This morning is the first Saturday morning of my `post-retirement life', and I can already see myself becoming one of those grumpy old scrooges who gets irritated with everything. Something to do with people not letting me lead my life the way I want to, constantly asking me to update my life and then rendering it unrecognisable and unfriendly. Let me do a slow rewind, starting with `the stone-ages' and fast-forwarding to today's land of highways and information fast lanes.
When I finished a masters degree 44 years ago and went to foreign shores to do my doctoral work, I flew in a plane for the first time from a country where there was no television; where bicycling from home to the place of study (school or institute) was normal and feasible under half an hour; it was not uncommon to find a home with no phone; if you wanted information not available in your text books, then you cycled to a library, you had to find a plausible source of the desired information, possibly in the `reference section', and then copy down the desired information in a note-book - Xerox machines were still a decade away; and if you wanted to communicate with somebody in a different city or country, you had to write a letter, mail it, and await your response which could take some weeks to come. Despite this seemingly unnecessary self-denial, it did teach you to write well in order to communicate clearly and unambiguously. You did not say `how r u' or `lol' or `wtf'; these abbreviations are abrasive, often rude, and lead to entirely unwarranted misunderstandings - especially when they make up the fabric of conversation between people of different generations with different ideas about acceptable norms of behaviour! My first book was written in (an India-USA) collaboration with my (already former) thesis advisor in that era of `snail mail'; but thanks to his being from a generation which constantly honed its correspondence skills, that is probably my only totally error-free book.

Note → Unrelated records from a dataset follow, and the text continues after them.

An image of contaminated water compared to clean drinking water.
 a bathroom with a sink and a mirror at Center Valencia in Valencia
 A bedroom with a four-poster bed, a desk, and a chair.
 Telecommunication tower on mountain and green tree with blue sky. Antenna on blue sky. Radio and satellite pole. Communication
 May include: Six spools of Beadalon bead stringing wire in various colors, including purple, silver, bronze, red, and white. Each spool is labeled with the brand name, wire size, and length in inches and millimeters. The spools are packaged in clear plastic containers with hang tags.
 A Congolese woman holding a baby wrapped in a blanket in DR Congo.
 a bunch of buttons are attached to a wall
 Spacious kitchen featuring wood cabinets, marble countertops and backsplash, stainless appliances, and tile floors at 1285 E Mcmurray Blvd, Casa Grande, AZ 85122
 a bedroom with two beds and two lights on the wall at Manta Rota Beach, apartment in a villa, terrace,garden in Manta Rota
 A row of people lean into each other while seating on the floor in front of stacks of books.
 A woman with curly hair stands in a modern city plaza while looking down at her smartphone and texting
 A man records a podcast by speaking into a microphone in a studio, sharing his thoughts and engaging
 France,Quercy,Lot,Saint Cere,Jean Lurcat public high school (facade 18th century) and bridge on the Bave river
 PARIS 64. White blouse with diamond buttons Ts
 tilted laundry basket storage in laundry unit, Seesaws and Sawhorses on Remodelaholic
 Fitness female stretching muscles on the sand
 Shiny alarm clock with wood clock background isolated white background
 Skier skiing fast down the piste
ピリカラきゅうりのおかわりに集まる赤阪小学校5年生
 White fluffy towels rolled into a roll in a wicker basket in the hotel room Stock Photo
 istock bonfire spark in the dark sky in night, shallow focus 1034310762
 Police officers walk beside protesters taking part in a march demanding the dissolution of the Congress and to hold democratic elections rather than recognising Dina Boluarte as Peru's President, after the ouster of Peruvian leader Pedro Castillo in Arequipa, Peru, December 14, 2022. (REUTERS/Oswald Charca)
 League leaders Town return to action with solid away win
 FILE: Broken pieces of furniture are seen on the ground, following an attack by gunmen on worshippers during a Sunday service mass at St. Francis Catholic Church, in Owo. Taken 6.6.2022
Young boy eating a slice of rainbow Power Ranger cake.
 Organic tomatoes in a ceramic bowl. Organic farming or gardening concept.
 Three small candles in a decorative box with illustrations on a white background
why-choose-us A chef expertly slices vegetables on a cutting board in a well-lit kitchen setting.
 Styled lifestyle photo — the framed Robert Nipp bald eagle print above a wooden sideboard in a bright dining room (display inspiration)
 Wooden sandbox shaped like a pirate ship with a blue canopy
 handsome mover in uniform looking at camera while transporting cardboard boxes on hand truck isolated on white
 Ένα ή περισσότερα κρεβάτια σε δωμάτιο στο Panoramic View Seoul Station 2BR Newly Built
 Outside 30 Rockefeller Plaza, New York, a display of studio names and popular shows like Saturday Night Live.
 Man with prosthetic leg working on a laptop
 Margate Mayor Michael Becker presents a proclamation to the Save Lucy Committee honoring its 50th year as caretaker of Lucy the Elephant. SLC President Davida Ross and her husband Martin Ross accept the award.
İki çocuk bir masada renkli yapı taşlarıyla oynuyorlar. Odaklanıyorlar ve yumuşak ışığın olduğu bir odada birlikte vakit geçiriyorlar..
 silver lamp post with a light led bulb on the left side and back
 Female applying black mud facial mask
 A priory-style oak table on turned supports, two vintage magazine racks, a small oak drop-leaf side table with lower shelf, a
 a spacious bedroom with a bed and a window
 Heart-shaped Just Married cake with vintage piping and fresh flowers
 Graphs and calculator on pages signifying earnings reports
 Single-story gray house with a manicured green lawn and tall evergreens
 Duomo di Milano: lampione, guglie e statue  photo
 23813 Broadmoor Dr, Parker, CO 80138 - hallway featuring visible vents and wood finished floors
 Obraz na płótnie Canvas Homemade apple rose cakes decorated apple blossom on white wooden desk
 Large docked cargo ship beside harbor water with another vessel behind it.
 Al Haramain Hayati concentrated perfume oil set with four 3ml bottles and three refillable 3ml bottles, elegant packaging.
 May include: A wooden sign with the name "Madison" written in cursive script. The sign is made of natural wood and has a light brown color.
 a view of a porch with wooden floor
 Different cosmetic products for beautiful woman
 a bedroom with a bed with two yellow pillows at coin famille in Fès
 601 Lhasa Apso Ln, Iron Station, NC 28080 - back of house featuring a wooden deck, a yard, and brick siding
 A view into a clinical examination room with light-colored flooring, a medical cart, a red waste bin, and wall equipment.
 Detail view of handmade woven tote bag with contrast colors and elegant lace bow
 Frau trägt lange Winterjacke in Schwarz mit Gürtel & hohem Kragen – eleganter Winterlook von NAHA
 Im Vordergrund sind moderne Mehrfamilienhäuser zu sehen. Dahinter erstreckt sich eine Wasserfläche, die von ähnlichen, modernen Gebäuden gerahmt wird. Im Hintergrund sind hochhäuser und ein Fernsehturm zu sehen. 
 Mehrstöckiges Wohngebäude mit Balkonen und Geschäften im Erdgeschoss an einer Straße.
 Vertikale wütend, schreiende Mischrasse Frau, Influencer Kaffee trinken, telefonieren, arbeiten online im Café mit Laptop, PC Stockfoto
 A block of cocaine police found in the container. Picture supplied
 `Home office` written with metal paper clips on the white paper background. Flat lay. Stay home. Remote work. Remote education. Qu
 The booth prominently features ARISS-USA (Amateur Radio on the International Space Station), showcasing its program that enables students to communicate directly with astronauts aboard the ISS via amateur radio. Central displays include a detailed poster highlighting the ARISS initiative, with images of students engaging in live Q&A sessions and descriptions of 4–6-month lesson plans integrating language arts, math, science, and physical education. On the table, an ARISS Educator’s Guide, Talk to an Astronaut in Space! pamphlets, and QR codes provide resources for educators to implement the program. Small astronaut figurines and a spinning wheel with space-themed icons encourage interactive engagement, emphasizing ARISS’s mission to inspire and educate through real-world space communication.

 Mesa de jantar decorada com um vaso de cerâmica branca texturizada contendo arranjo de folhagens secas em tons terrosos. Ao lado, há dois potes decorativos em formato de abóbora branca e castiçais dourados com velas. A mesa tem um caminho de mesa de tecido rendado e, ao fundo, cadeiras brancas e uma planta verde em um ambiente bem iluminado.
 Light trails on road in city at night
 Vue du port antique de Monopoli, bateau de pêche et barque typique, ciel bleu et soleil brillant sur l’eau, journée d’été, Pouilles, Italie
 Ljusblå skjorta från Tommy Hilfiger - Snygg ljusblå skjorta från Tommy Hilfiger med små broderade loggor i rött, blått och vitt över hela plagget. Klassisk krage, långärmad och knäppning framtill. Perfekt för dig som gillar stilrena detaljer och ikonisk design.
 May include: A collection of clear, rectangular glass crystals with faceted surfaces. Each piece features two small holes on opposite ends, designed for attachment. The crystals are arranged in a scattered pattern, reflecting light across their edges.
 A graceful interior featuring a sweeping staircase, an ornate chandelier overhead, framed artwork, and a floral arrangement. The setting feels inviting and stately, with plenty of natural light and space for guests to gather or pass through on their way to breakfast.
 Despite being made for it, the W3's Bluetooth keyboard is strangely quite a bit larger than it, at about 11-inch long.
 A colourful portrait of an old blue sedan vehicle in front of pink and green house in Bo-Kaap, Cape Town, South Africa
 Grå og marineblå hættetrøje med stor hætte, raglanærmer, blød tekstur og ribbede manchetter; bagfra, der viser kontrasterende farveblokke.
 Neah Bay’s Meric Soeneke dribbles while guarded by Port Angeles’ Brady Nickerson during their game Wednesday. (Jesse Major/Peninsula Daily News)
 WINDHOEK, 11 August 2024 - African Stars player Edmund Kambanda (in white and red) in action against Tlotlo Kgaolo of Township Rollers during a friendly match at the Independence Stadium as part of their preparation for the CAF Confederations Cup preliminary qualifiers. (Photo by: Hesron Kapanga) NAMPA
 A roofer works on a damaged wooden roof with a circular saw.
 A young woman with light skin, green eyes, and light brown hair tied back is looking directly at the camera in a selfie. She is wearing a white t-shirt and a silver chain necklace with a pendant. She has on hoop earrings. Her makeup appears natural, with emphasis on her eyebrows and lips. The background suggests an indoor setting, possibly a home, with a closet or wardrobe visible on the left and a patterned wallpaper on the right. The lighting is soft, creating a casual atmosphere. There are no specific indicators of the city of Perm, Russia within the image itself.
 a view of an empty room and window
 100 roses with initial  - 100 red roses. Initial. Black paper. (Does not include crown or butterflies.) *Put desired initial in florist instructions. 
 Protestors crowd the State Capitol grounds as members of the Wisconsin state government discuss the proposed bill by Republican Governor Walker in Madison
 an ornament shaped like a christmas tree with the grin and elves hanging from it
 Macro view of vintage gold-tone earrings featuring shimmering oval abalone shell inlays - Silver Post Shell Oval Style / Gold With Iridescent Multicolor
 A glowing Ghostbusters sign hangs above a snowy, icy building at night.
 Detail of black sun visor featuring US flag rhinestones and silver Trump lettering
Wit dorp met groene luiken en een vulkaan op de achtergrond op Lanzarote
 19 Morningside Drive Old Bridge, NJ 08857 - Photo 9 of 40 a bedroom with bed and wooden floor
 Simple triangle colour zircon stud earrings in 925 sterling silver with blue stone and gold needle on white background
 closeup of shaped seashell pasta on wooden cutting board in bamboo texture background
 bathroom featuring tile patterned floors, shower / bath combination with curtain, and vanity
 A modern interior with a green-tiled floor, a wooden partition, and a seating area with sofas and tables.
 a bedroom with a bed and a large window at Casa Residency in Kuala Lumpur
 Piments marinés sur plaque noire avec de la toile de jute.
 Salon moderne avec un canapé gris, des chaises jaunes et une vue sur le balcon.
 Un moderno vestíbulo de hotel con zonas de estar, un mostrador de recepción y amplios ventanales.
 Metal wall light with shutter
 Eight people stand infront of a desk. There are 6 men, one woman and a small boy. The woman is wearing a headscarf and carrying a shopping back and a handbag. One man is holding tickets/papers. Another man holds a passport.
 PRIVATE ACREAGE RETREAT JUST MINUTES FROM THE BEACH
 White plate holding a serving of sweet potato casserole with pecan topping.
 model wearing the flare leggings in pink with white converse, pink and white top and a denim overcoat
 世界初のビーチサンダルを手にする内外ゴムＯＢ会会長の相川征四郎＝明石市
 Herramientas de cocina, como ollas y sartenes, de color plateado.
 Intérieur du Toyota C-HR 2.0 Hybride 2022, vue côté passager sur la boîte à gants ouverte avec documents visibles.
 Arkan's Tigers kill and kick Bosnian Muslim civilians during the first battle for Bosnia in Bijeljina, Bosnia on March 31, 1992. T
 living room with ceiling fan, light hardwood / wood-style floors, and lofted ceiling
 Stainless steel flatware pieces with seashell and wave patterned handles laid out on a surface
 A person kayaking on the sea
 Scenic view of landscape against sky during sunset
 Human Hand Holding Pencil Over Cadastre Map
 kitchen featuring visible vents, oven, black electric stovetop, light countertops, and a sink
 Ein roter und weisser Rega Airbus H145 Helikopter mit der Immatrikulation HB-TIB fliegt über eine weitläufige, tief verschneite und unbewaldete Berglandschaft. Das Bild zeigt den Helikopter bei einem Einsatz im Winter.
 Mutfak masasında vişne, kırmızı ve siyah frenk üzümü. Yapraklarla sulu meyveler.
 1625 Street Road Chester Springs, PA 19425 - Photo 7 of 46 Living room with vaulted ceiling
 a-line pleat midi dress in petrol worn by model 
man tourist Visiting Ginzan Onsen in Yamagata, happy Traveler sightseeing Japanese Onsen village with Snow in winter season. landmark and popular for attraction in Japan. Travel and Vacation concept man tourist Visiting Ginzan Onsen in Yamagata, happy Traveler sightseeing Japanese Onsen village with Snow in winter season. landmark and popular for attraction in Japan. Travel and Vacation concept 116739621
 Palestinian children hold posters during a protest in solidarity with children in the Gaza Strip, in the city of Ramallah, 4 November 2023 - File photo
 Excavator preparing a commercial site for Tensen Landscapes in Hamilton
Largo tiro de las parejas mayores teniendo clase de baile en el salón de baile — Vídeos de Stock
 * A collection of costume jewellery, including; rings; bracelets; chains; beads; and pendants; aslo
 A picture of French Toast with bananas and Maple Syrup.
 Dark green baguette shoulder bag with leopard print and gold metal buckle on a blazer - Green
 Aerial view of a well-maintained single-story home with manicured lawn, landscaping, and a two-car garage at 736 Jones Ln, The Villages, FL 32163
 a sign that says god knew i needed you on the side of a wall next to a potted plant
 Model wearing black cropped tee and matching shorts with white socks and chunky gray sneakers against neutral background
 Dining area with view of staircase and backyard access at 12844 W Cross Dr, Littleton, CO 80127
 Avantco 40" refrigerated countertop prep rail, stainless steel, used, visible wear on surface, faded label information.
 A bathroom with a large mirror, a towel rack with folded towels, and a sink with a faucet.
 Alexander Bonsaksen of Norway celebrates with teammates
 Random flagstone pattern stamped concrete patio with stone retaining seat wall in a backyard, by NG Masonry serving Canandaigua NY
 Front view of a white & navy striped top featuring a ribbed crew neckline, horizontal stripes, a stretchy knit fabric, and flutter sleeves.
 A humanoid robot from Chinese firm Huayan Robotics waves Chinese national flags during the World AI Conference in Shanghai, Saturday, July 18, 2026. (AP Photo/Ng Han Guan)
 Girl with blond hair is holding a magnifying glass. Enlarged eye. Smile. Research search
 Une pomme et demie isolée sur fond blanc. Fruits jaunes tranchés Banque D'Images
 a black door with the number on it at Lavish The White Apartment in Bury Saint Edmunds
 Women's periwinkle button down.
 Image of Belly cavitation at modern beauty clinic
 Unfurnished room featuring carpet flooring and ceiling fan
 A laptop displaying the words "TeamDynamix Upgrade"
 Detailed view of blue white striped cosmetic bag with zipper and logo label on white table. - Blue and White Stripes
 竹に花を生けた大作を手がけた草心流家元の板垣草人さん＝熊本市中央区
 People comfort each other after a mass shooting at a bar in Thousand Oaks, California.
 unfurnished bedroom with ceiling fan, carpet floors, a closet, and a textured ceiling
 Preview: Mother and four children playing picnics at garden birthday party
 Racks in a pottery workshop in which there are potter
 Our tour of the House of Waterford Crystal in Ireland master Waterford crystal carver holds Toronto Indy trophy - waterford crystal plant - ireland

With the advent of computers, much less time is spent on real work - what with constant beeps announcing some `notification' or the other that only serve to take your mind off what it was (and should have been) involved with; and the death of the reading habit was slow and inevitable. (How many kids of today even visit libraries; even book shops and libraries are inevitably filling their shelves with electronic items at the cost of books. When mobile phones first made their appearance, I postponed getting (dependent on) one for as long as possible, convinced they only lead to waste of time. When it could be postponed no further, I got one of those old thin and small phones you could hold and operate with one hand, where you used the phone keys for texting with `1' yielding `a',`b' or `c', with the `prediction' option kicking in as you typed more of the word.
This smartness seems to force you to (a) use large phones which do not fit easily into a hand or a pocket, (b) use two hands to receive a phone call, and (c) generally make the act of using a phone when vertical difficult if you have balance problems like I do. Also using the small QWERTY keyboard is tough if you have clumsy fingers like I do, so sending/responding to text messages is a major hassle. Then came smart phones which outsmart you by periodically asking, nay, persistently demanding that you `update' (now/overnight/later) your phone and revealing its new avatar after uploading, with many of the old options replaced by new and sometimes unfriendly ones! You can't keep on opting for `later' because the frequency of these demands increase exponentially, and eventually something does not work because you have an `old version'!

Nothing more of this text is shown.